# how is your business now ... ?



## LoveKillSlowly (Apr 23, 2009)

Hi everybody,
I would like to know how you guys have started your business and I would really appriciate it if you could explain me from a to now how you did it ... how you made it become succesfull.

I'm 17 years old and I would like to start this kind of business but I don't know where to start.

That would be very kind of you if you could explain me how you have made it.

thanks


----------



## Matto (Sep 28, 2007)

Gosh I wish I would have been doing this at your age! Right now If I were you I would be trying to get a job with a screen printer as a side or full time. Learn as much as you can. My next step would be to start researching equipment, supplies, fashion trends, and techniques. Next step is to take all that money you should have been saving and start purchasing your equipment and supplies.
once you have enough to get a base started I would print some shirts for friends and learn your equipment. sell some shirts at flea markets and so on. yada yada yada.

Best option in my book is to just work for a shop. save your money and buy out an exhisting business later down the road.
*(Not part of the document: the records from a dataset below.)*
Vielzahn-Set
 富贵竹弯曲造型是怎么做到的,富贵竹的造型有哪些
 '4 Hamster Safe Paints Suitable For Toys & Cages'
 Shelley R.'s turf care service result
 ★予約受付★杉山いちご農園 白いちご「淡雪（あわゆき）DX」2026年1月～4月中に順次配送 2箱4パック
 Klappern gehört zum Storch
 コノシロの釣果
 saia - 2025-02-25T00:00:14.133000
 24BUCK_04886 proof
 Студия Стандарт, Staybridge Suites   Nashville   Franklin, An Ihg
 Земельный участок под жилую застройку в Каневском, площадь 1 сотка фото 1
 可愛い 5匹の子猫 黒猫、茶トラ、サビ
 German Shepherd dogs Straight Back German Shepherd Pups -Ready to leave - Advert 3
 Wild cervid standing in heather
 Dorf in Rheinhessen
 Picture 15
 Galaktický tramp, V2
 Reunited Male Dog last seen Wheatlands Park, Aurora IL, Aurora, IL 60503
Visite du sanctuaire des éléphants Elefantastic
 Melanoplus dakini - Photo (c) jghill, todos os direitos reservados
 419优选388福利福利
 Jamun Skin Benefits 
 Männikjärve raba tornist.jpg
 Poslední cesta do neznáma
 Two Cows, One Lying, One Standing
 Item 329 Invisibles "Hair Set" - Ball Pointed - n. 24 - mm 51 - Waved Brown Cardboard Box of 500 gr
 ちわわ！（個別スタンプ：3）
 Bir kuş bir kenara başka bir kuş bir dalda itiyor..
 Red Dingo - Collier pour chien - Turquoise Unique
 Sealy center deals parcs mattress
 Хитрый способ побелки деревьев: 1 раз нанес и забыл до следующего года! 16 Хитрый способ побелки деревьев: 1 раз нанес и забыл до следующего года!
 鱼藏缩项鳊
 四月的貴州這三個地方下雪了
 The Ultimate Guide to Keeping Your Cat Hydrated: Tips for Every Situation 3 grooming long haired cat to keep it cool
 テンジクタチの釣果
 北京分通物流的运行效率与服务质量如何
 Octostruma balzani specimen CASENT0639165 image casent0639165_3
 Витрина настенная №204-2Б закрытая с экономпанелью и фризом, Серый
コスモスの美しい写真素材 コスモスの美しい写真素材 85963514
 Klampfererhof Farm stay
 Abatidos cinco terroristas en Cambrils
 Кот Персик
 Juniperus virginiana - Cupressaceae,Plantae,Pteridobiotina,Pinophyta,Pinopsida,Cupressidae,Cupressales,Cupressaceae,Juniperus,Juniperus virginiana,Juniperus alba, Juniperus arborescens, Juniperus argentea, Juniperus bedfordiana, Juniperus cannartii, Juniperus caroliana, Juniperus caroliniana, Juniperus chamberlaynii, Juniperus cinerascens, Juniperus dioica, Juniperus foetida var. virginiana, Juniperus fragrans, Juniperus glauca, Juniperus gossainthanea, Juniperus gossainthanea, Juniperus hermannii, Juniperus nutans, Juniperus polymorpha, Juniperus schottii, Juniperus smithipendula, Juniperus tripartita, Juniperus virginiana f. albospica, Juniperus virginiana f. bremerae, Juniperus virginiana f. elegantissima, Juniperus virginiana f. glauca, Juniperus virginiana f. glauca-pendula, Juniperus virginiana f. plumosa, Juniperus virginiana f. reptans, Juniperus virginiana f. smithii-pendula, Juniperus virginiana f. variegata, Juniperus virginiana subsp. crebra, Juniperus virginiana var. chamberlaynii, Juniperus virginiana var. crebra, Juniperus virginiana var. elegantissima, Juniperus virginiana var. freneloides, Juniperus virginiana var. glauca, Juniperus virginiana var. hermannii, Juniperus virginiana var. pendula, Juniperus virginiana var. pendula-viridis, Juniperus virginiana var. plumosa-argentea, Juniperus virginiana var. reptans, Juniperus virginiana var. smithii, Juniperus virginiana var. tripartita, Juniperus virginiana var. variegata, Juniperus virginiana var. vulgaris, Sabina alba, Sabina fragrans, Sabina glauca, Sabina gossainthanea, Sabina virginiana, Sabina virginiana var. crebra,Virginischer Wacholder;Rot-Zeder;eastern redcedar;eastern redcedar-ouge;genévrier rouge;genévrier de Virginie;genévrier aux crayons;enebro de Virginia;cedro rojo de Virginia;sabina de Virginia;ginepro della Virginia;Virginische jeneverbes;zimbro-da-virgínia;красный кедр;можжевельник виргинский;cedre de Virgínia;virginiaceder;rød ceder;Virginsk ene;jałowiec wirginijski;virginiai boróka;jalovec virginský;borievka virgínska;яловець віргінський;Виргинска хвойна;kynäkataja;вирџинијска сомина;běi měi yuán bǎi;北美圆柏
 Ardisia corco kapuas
Equipment,supplies and most of the customer base generally come packaged together. 

Either way I would get a job with a screen printing company. Atleast you will be able to see whether it is something you want to do for the rest of your life or as just a side hobby. A few make it big but the most of us live hand to mouth which in my books is ok as I dictate when I work and when I dont so I control my own money. And its not about the money for me but rather the freedom. Yeah it would be great to be a gazillionaire but then what?


----------



## LoveKillSlowly (Apr 23, 2009)

Thanks for your help !

I have another question for you ... Do you think I could buy t-shirt from company and find a printer and make some money while going at the college ...?


----------



## stuffnthingz (Oct 1, 2007)

If you have a knack for creating trendy art, or are quick to see a need for a shirt for some college events (that would not violate copyright laws) You could make some good money that way. Whatever you are involved in, be it sports etc, there are opportunities to sell apparel. I attend events quite often, as a competitor and as a vendor. In both cases I try to capitalize on the "theme" of that event, asking if I can make a design or two and sell it while I am there. I have made some great money and friends along the way. I am now being "invited" to attend various events because they love the products I make! Good luck


----------



## LoveKillSlowly (Apr 23, 2009)

If I udnerstand ... you are selling t-shirt for events ?

so what I could do is ask the director of the <<X>> event if he want me to do shirt for him ... ? and than I order t-shirt from like bareapparel and than send this shirt to a printer with my design ? if it is what you are doing what is the average price of each t-shirt ...?

thanks.


----------



## stuffnthingz (Oct 1, 2007)

My arrangement is a bit different. I started out by buying finished apparel from my shops at CafePress. That ended up being very cost prohibitive. Next, I took up the endeavor to "make" my own apparel, so I use Laser transfers combined with vinyl and rhinestones, and any combination of the three. I buy the blanks at a variety of local suppliers, I make the designs but do NOT apply them. I have them in a binder for customers to pull out (with my help) and then I press them onsite. Thus the most I waste is the printed designs. I have even tested plastisol transfers and loved them. I plan to keep them in mind for any larger venues where I need 50 or more pieces available.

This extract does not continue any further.